YOUR ASSIGNMENT —
Print nothing except the lines of the listing below from the line with "30% Off water" to the line with "3D Pop-up Weihnachtskarte, mit", each exactly as written, both ends included.

MATERIAL FOR THE TASK —
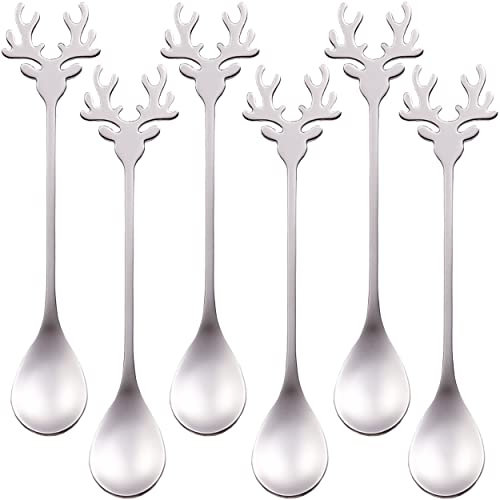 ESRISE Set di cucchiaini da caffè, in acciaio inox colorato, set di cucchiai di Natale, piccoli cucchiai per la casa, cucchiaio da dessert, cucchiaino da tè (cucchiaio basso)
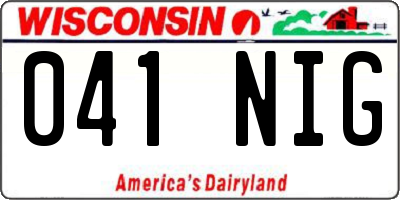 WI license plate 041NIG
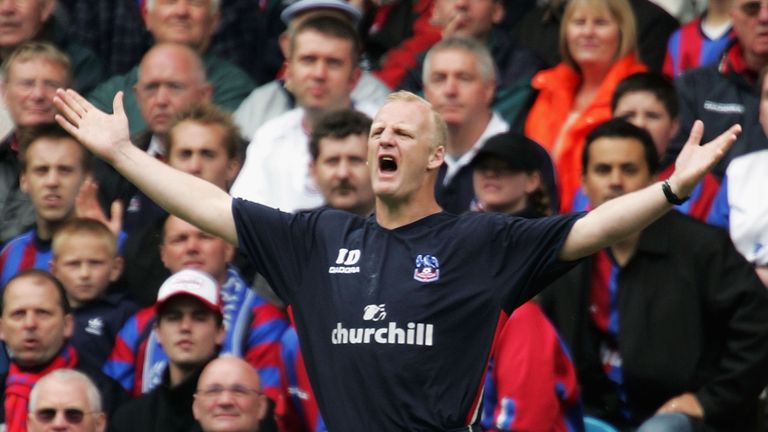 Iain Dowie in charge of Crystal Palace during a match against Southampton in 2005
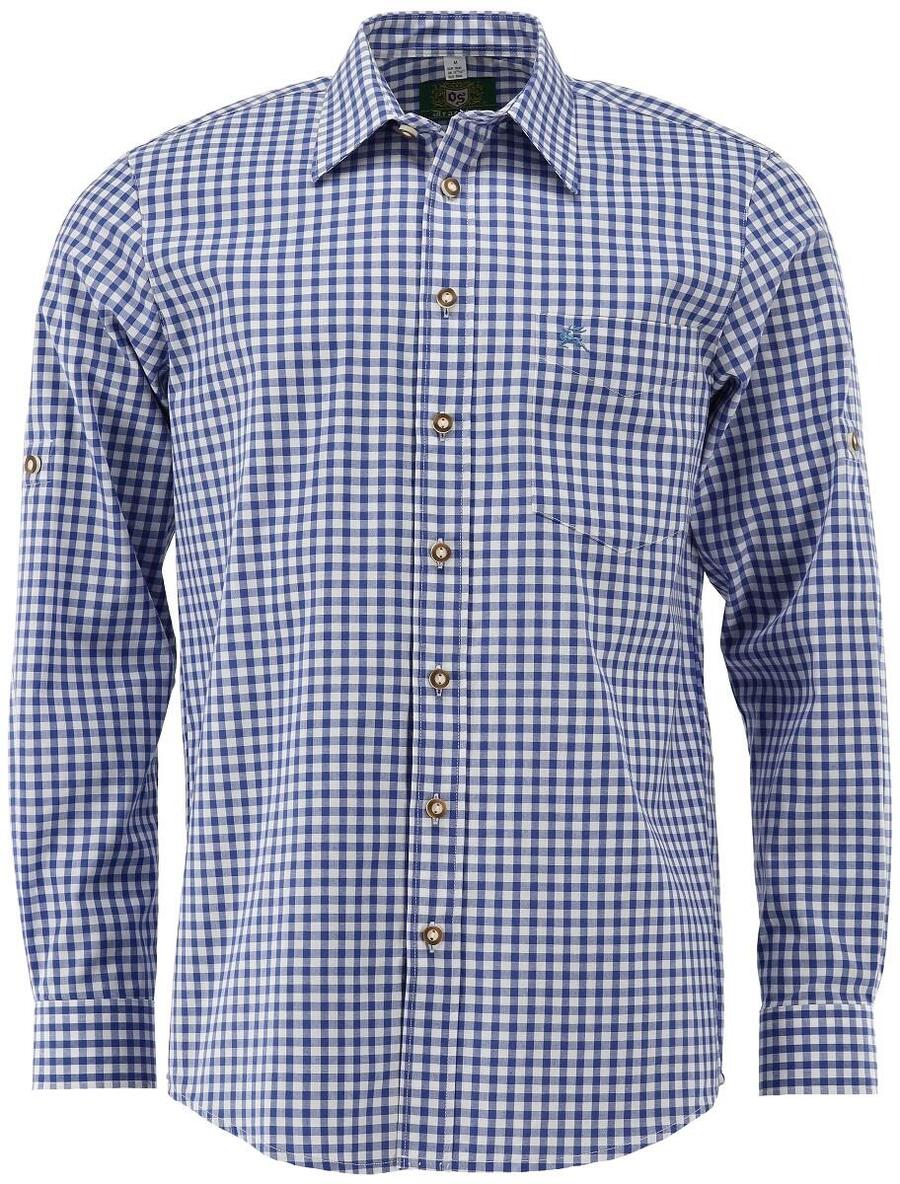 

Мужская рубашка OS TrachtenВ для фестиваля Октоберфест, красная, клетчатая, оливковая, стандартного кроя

--

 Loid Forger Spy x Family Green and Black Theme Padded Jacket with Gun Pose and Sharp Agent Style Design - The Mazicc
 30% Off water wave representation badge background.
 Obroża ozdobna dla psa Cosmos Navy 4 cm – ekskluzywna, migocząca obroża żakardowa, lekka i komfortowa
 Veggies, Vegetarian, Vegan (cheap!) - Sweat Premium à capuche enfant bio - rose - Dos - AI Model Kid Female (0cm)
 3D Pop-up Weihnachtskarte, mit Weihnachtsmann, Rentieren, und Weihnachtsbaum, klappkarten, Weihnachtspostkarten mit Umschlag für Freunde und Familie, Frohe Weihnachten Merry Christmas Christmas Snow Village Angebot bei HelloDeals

---

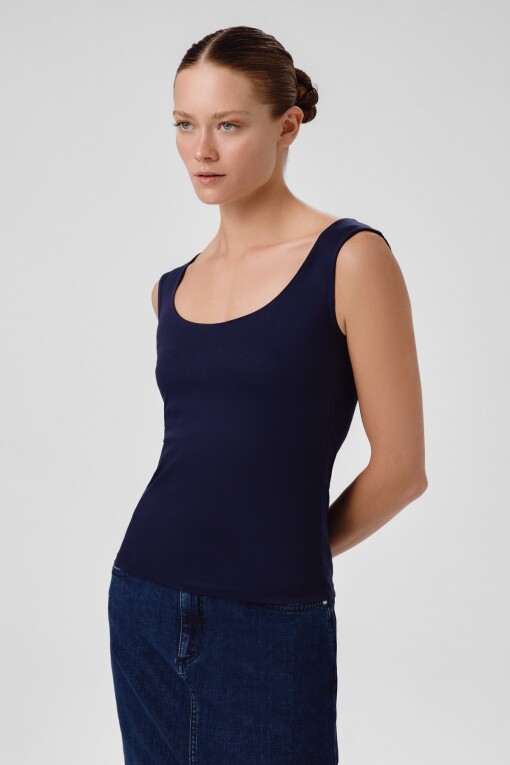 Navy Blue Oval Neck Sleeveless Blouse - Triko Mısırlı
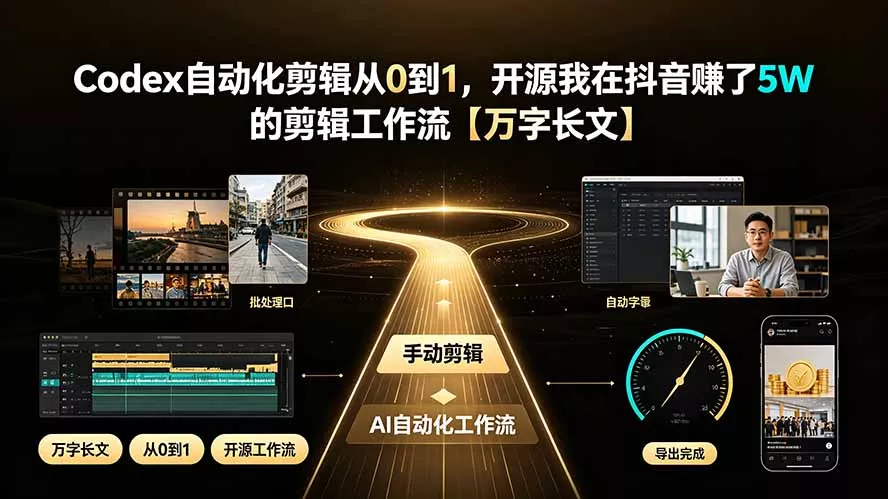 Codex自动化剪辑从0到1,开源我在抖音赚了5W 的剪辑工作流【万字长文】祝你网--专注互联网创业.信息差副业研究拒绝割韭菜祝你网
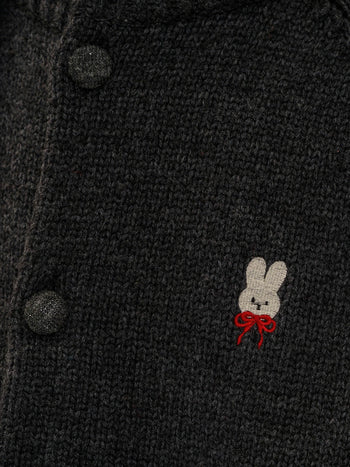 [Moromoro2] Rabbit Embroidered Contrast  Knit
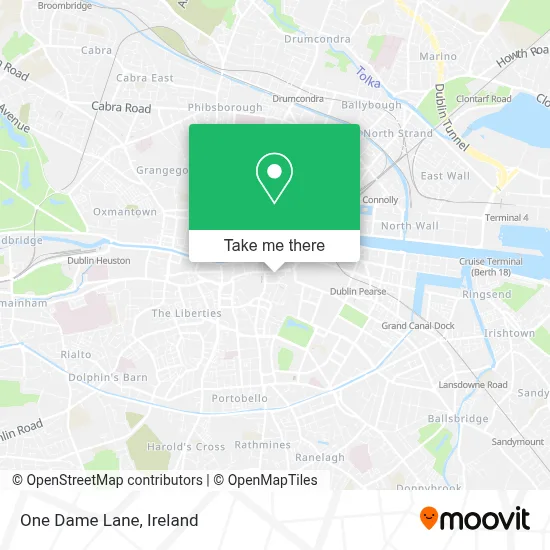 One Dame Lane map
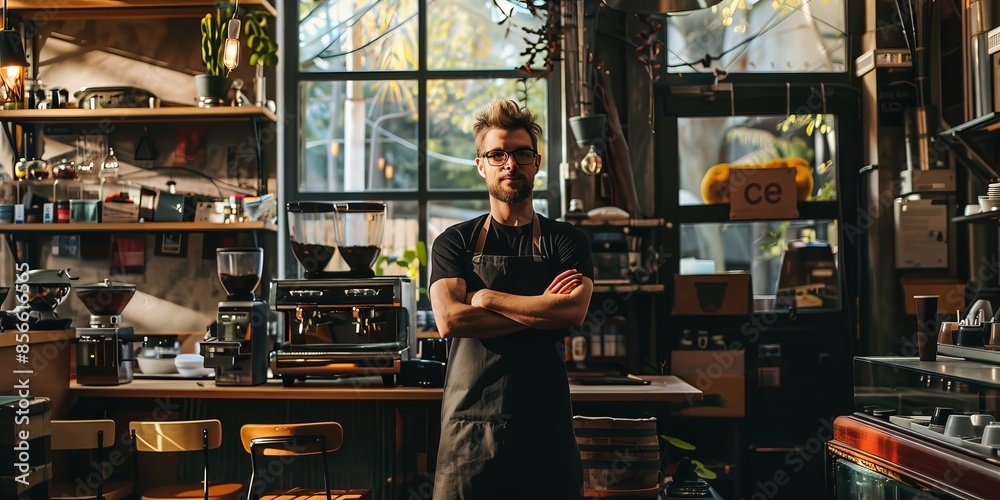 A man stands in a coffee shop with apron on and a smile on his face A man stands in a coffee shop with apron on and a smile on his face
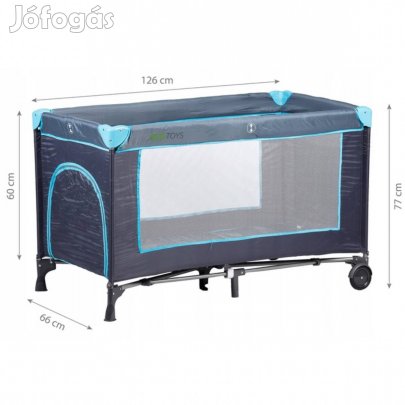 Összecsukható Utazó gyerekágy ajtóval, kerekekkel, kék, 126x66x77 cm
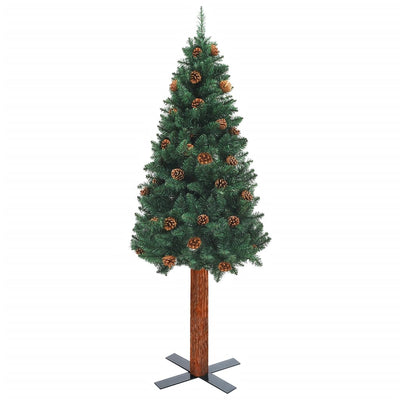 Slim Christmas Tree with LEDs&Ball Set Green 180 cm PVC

RESULT FOR THIS TASK —
 30% Off water wave representation badge background.
 Obroża ozdobna dla psa Cosmos Navy 4 cm – ekskluzywna, migocząca obroża żakardowa, lekka i komfortowa
 Veggies, Vegetarian, Vegan (cheap!) - Sweat Premium à capuche enfant bio - rose - Dos - AI Model Kid Female (0cm)
 3D Pop-up Weihnachtskarte, mit Weihnachtsmann, Rentieren, und Weihnachtsbaum, klappkarten, Weihnachtspostkarten mit Umschlag für Freunde und Familie, Frohe Weihnachten Merry Christmas Christmas Snow Village Angebot bei HelloDeals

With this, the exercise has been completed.